EPSRC logo

Details of Grant 

EPSRC Reference: EP/X01262X/1
Title: Distributed Acoustic Sensor System for Modelling Active Travel
Principal Investigator: Jaber, Dr M
Other Investigators:
Researcher Co-Investigators:
Project Partners:
Department: Sch of Electronic Eng & Computer Science
Organisation: Queen Mary University of London
Scheme: New Investigator Award
Starts: 01 June 2023 Ends: 31 May 2026 Value (£): 411,549
EPSRC Research Topic Classifications:
Instrumentation Eng. & Dev. Transport Ops & Management
EPSRC Industrial Sector Classifications:
Transport Systems and Vehicles
Related Grants:
Panel History:
Panel DatePanel NameOutcome
05 Oct 2022 Engineering Prioritisation Panel Meeting 5 and 6 October 2022 Announced
Summary on Grant Application Form
In a time where climate change is an imminent threat, Active Travel (AT) has become a priority in the United Kingdom (UK) and a pathway towards sustainable living. AT is defined as making a journey by physically active means, e.g., walking or cycling. In the UK, the transport sector is the highest contributor of emissions with 61% of this contribution caused by private cars and taxis. Replacing motored journeys with AT firstly promises to reduce these emissions. Moreover, AT is a form of exercise that has been shown to improve physical and mental health; hence, reduces the need of medical care and increases happiness and productivity. Interventions to promote AT include ensuring safety of commuters through cycle/pedestrian lanes, safe cycle parking, bike-sharing, cycling training, bike loan schemes, electrically assisted bikes, community/school initiatives, among others. The challenge that authorities face is the lack of insights on which type of intervention would be more effective in different areas. Indeed, the same scheme would result in different AT uptake since the latter depends on predominant trends and road infrastructure in each area. It follows that, in each area, some schemes are likely to be more effective than others.

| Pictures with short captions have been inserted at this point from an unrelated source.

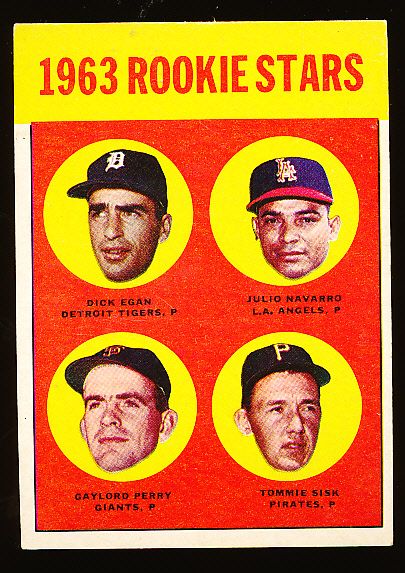 1963 Topps Baseball- #169 Gaylord Perry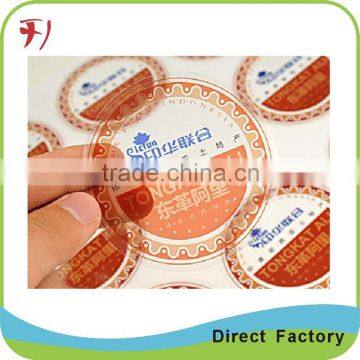 Fancy custom self adhesive sticker skin care label sticker with high quality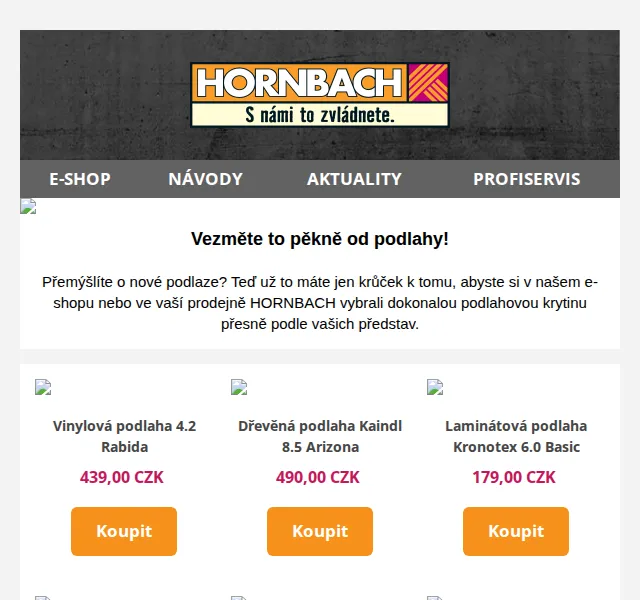 HORNBACH: Podlahy od 179 Kč – červenec 2026 | Nuslet.cz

There is a rising need to model changes in AT trends in relation to different interventions. State-of-the-art research for modelling AT trend mostly relies on video footage which is used to identify and predict the path of pedestrians. There are several drawbacks to such approaches. Firstly, video footage is negatively impacted from adverse weather conditions and lack of light. Secondly, it is cost-inhibitive to realise uninterrupted 360 degrees visibility using video cameras in a built environment. Thirdly, the video footage needs to be high resolution, hence contains private information about people. Such information challenges General Data Protection Regulation (GDPR) whilst is not required for modelling active mobility.

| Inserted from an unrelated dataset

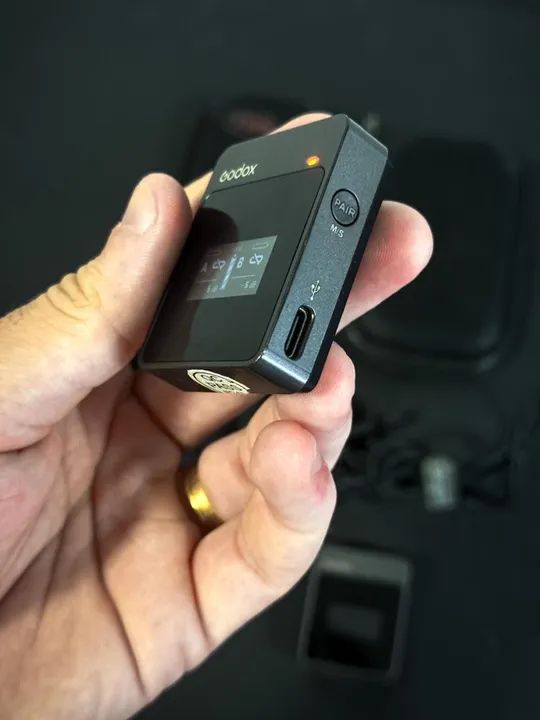 Kit de Microfone Lapela Sem Fio Godox - Foto 5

DASMATE aims to develop a new approach for modelling AT trends in an urban environment by leveraging the incipient advances in Distributed Acoustic Sensor (DAS) systems. DAS reuses underground fibre optic cables as distributed strain sensing where the strain is caused by moving objects above ground. Given that the sensors are underground, DAS is not affected by weather nor light. Fibre cables are often readily available and offer a continuous source for sensing along the length of the cable. Moreover, DAS systems offer a GDPR-compliant source of data that does not include private information such as face colour, gender, or clothing. DASMATE in centred on two aspects of AT modelling based on DAS analysis. The first consists of identifying the type of AT (walking, jogging, skateboarding, cycling, etc.) at any time of the day in a monitored area. The second is concerned with predicting the path of active travellers to inform on the possibility of collision with moving vehicles (which may be driver-less). This a pioneering project that aims to establish the first framework for processing DAS data to extract samples representing AT and build a machine learning pipeline to infer knowledge related to both aspects.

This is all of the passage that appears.